Execute this code. Again, be sure you understand what it's doing ...

In [3]:
# Initialize our corpus reader
corpus = TMNCorpusReader(text_dir, r'.+\.txt')

In [4]:
# Get descriptive stats for full corpus
description = corpus.describe()
for key in description:
    print(key, description[key])

files 40
categories 8
paragraphs 98477
sentences 295138
words 6488322
vocabulary_size 64215
lexical_diversity 101.04059799112358
paras_per_doc 2461.925
words_per_doc 162208.05
sents_per_para 2.9970246859672818
secs 26.308953046798706


In [5]:
%%time
# Compare stats for A/B and M/F categories
a_desc = corpus.describe(categories=['A'])
b_desc = corpus.describe(categories=['B'])
f_desc = corpus.describe(categories=['F'])
m_desc = corpus.describe(categories=['M'])

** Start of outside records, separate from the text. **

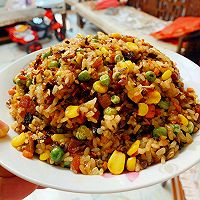 好吃的腊肉烧卖的做法图解7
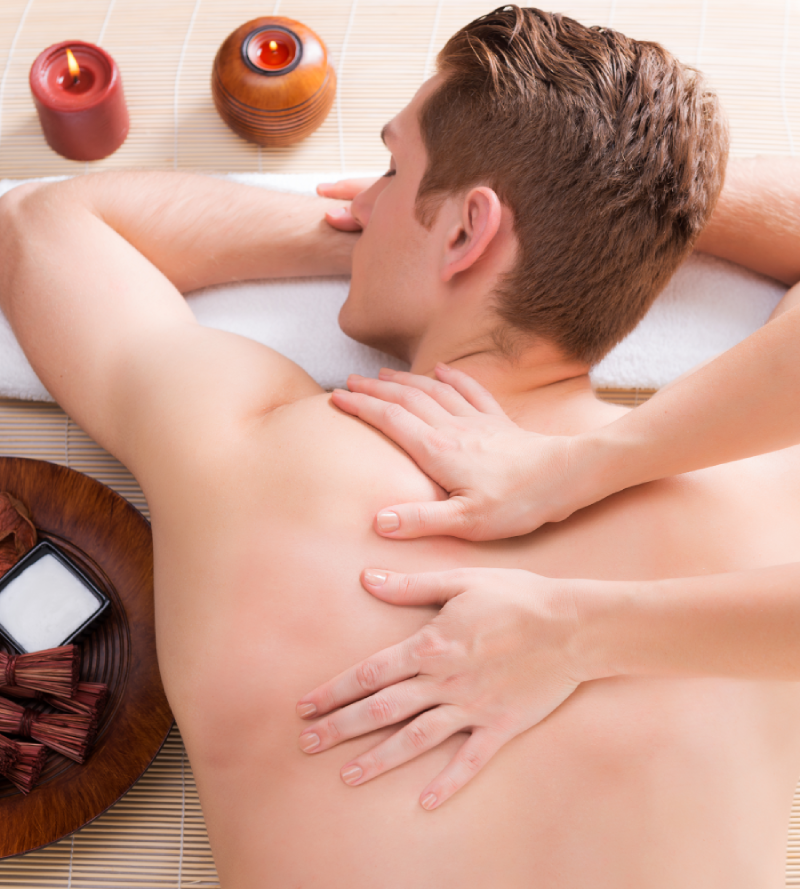 Yo Yo Massage Relaxing Treatment Room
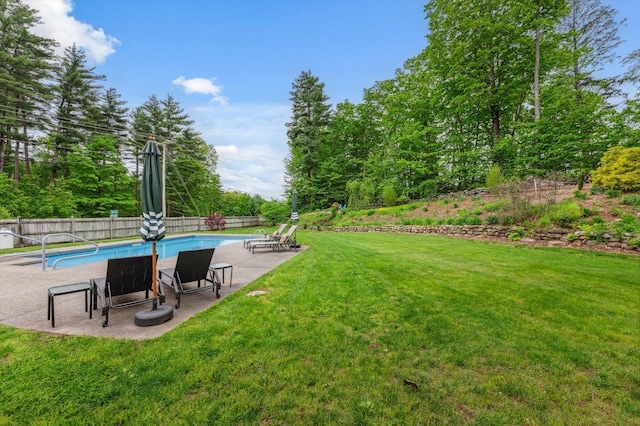 2 Cortland Rd, Milford, NH 03055 - view of yard featuring a patio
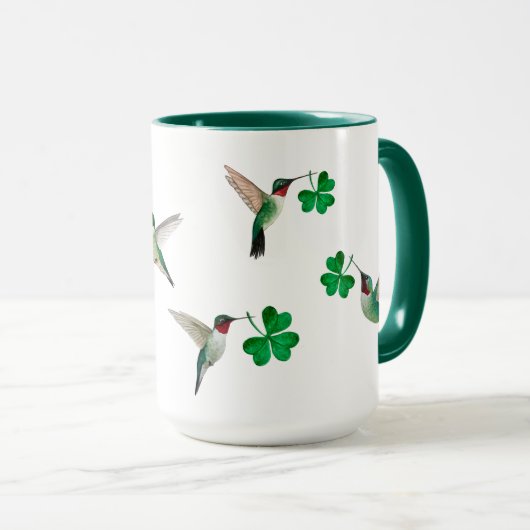 Custom Saint Patrick's Day マグカップ (正面右)
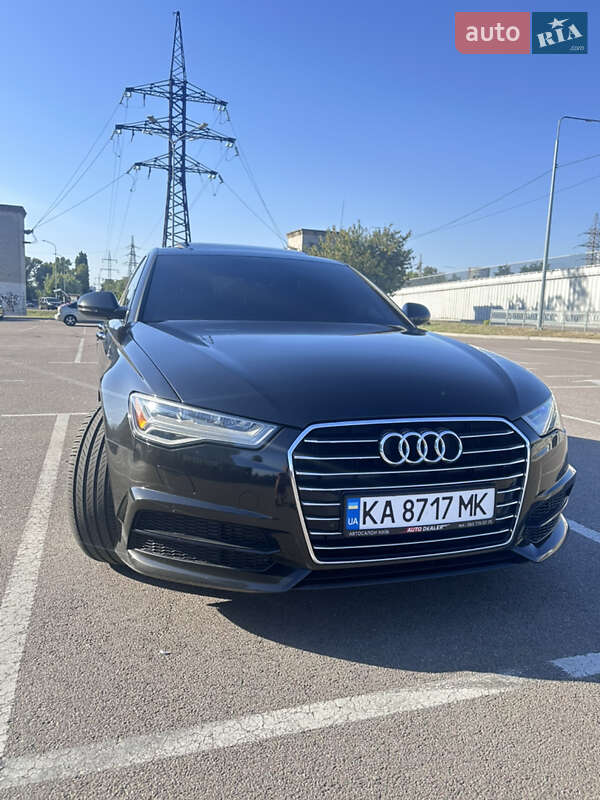 Audi A6 2016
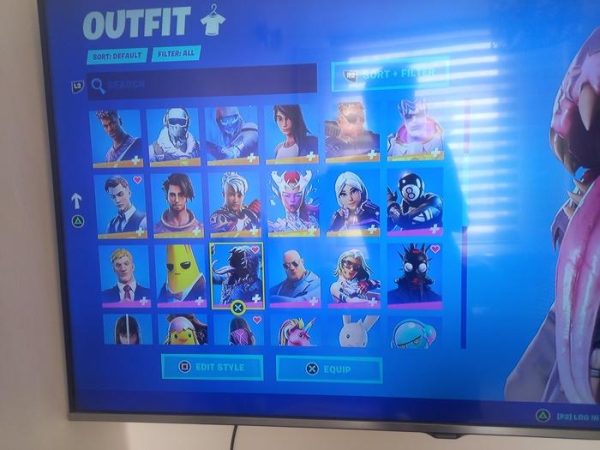 خرید اکانت فورتنایت کد 2287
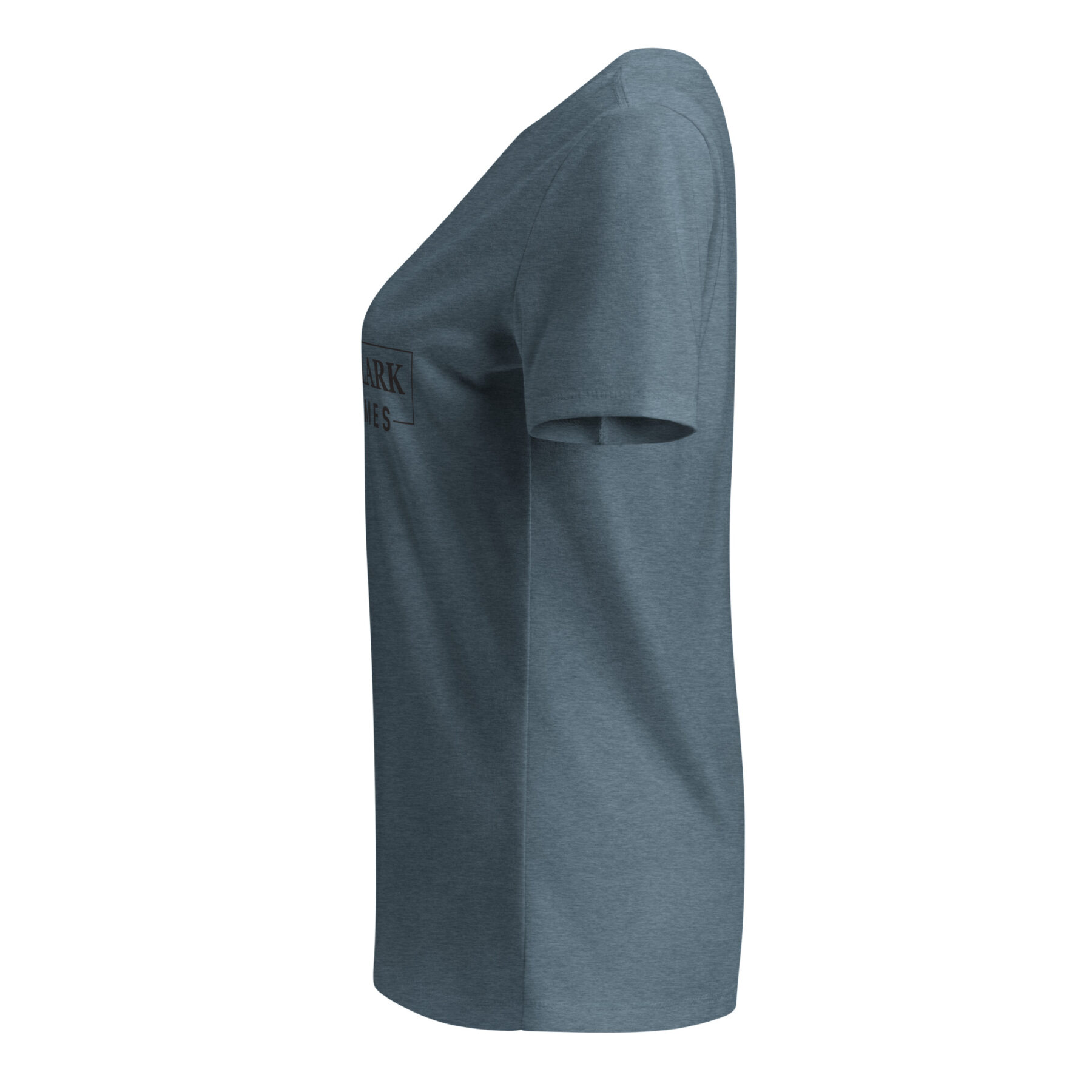Women’s relaxed v-neck t-shirt - Image 3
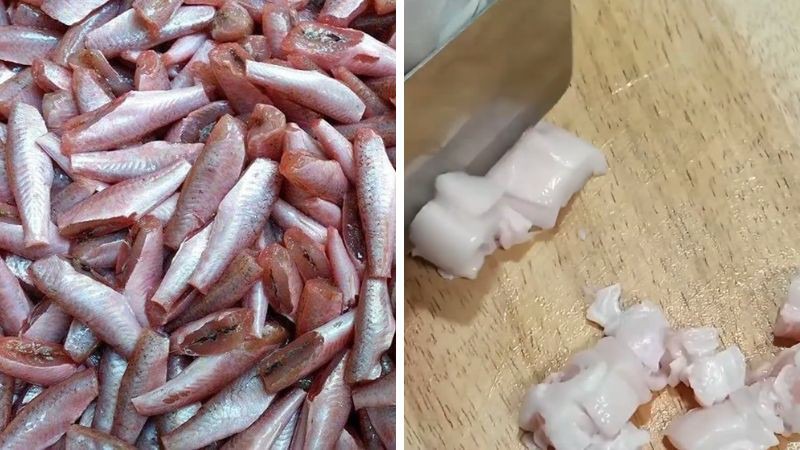  Sơ chế nguyên liệu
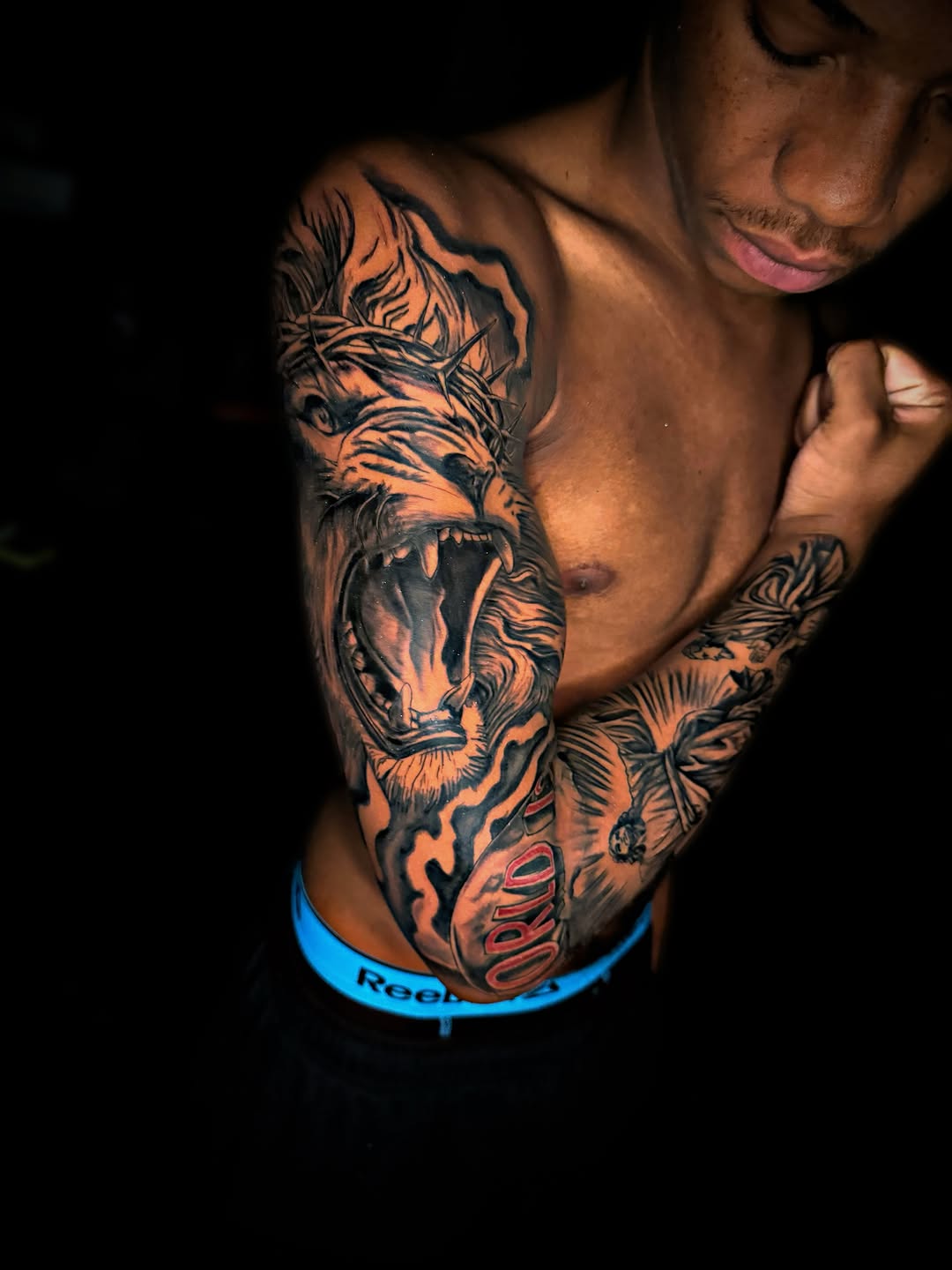 Tattoo by @tattsby0b — realism, black_and_grey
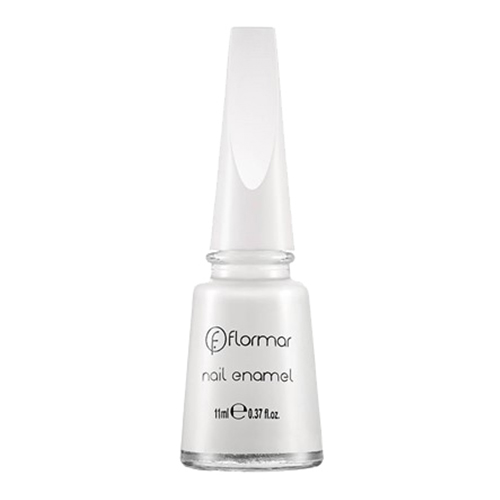 Flormar Nail Enamel - 400 Bright White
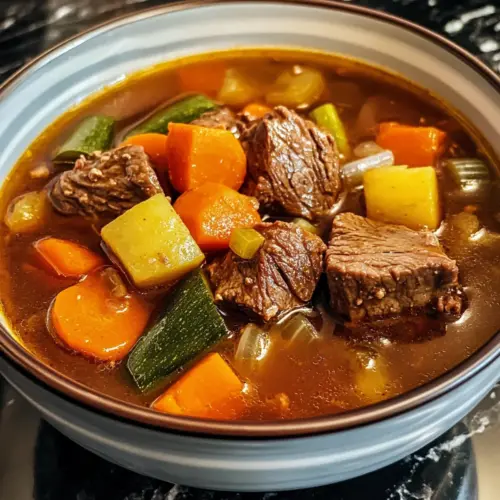 Vegetable Beef Soup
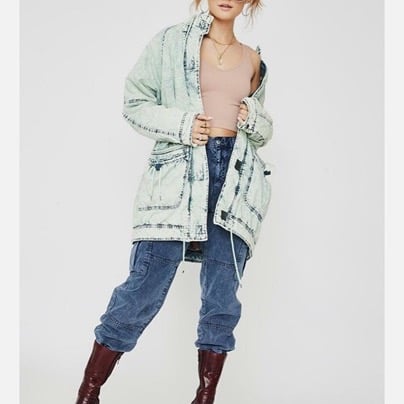 We The Free - Real Games Denim Parka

print("American/British comparison")
for key in a_desc.keys():
    print(key, round(a_desc[key]/b_desc[key], 2))

print("\nMale/female comparison")
for key in m_desc.keys():
    print(key, round(m_desc[key]/f_desc[key], 2))

American/British comparison
files 1.0
categories 1.0
paragraphs 0.71
sentences 0.67
words 0.64
vocabulary_size 0.96
lexical_diversity 0.67
paras_per_doc 0.71
words_per_doc 0.64
sents_per_para 0.96
secs 0.61

Male/female comparison
files 1.0
categories 1.0
paragraphs 1.25
sentences 1.37
words 1.19
vocabulary_size 1.2
lexical_diversity 0.99
paras_per_doc 1.25
words_per_doc 1.19
sents_per_para 1.1
secs 1.23
CPU times: user 51.2 s, sys: 167 ms, total: 51.4 s
Wall time: 51.6 s


In [6]:
# Initialize preprocessor
preproc = Preprocessor(corpus, pickle_dir)

In [7]:
%%time
# Perform preprocessing and save output to disk
processed = preproc.transform()

CPU times: user 5min 32s, sys: 9.14 s, total: 5min 41s
Wall time: 6min 16s


In [4]:
# Show that we can work with the pickled versions
pcorpus = PickledCorpusReader(pickle_dir)
print("Categories in the corpus:\n", pcorpus.categories())
print("\nBritish-female-authored files:\n", pcorpus.fileids(categories=['BF']))
print("\nA bit of one pickled text")
for doc in pcorpus.docs(fileids=['A-Stowe-Uncle_Tom-1852-F.pickle']):
    print(doc[11])
    break

Categories in the corpus:
 ['A', 'AF', 'AM', 'B', 'BF', 'BM', 'F', 'M']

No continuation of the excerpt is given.